Supplied material:
====

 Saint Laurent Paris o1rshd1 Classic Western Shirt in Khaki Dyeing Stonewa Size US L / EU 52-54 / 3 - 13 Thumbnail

====

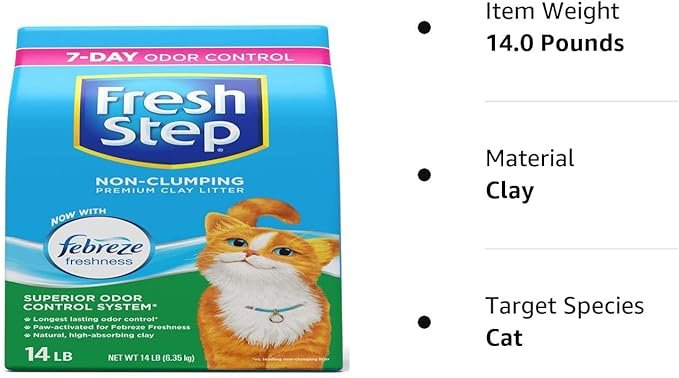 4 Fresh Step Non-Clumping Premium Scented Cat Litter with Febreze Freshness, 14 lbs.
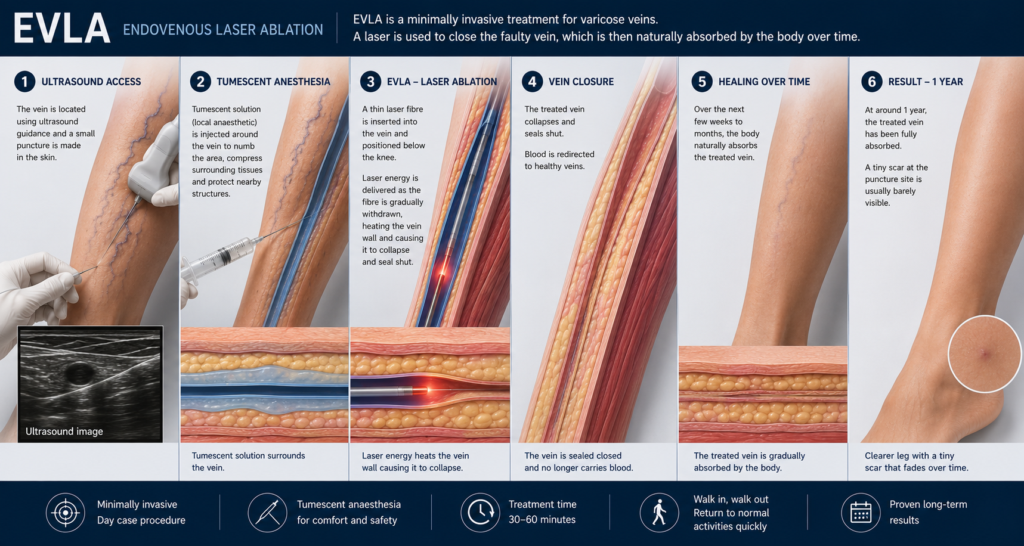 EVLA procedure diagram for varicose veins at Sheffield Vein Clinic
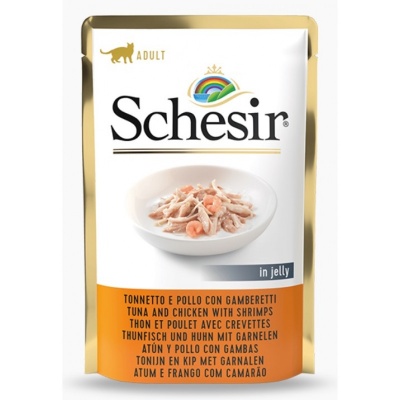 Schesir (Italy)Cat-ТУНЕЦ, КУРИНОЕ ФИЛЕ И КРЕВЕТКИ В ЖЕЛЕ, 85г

====

The task: Using the data above, output the line that has "EVLA procedure diagram", the line that has "Schesir (Italy)Cat-ТУНЕЦ, КУРИНОЕ", and whatever lines fall between, each exactly as it stands and without pictures.

Result for this exercise:
 EVLA procedure diagram for varicose veins at Sheffield Vein Clinic
 Schesir (Italy)Cat-ТУНЕЦ, КУРИНОЕ ФИЛЕ И КРЕВЕТКИ В ЖЕЛЕ, 85г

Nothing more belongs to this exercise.